S’agit-il d’un ressac causé par des excès d’exposition au discours portant sur les identités de genre, fortement décrié par les mouvements plus conservateurs ? Dans les derniers mois, par exemple, on a vu plusieurs inquiétudes — parfois érigées sur de très fausses prémisses — sur l’école et la diversité sexuelle discutées farouchement, comme si on encourageait les enfants à choisir leur genre en classe. On peut penser aussi à tout le bruit occasionné sur le terrain par les toilettes mixtes ou l’heure du conte animée par des drag queens à la bibliothèque, reçue dans certains cercles comme de l’embrigadement.
Le 47e président des États-Unis, Donald Trump, intronisé lundi, a fait campagne sur une série de propos destructeurs et mensongers dirigés contre les personnes trans, notamment, ce qui fait craindre le pire à la communauté LGBTQ+ américaine. Il a rappelé dès lundi que seuls deux sexes prévalaient et entend attaquer de front des programmes de soutien à la diversité sexuelle.

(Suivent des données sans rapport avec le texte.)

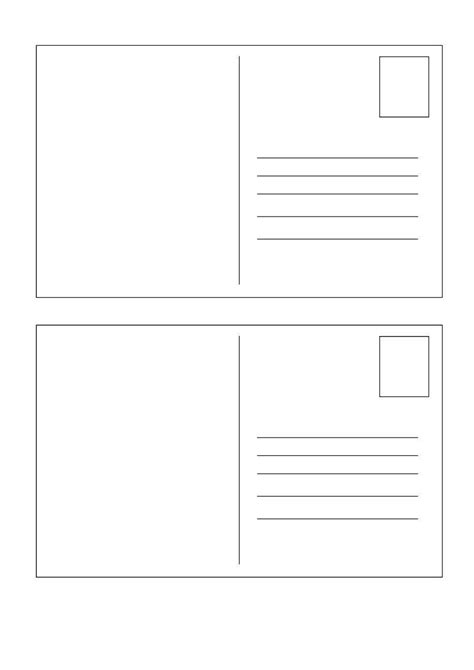 Postcard Size Template Word - Professional Template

Au Canada, le chef conservateur et favori d’une prochaine campagne électorale, Pierre Poilievre, reste ambivalent sur ces questions délicates et doit diriger un caucus déchiré, comme l’est la population. M. Poilievre a déjà tenu des propos controversés sur la place des femmes trans dans des lieux réservés aux femmes — et s’est déjà dit contre les bloqueurs de puberté pour tous les mineurs —, mais on ne sait pas encore ce qu’il ferait, s’il était élu, notamment au sujet de l’interdiction d’interventions chirurgicales ou médicales chez les mineurs, que ses militants réclament à grands cris.

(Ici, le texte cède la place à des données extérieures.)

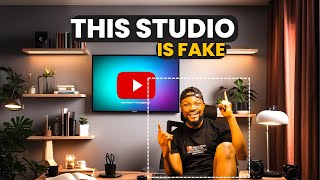 Create a fake YouTube Studio Background for Free | YouTube Studio Set-up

La sensibilisation et l’éducation demeurent les vecteurs les plus puissants pour contrer la désinformation et lutter contre les préjugés et stéréotypes menant à la violence. Rien n’est acquis en ce bas monde, et surtout pas les droits et protections gagnés de haute lutte par les communautés LGBTQ+, aujourd’hui à nouveau menacés.
Ce texte fait partie de notre section Opinion. Il s’agit d’un éditorial et, à ce titre, il reflète les valeurs et la position du Devoir telles que définies par son directeur en collégialité avec l’équipe éditoriale.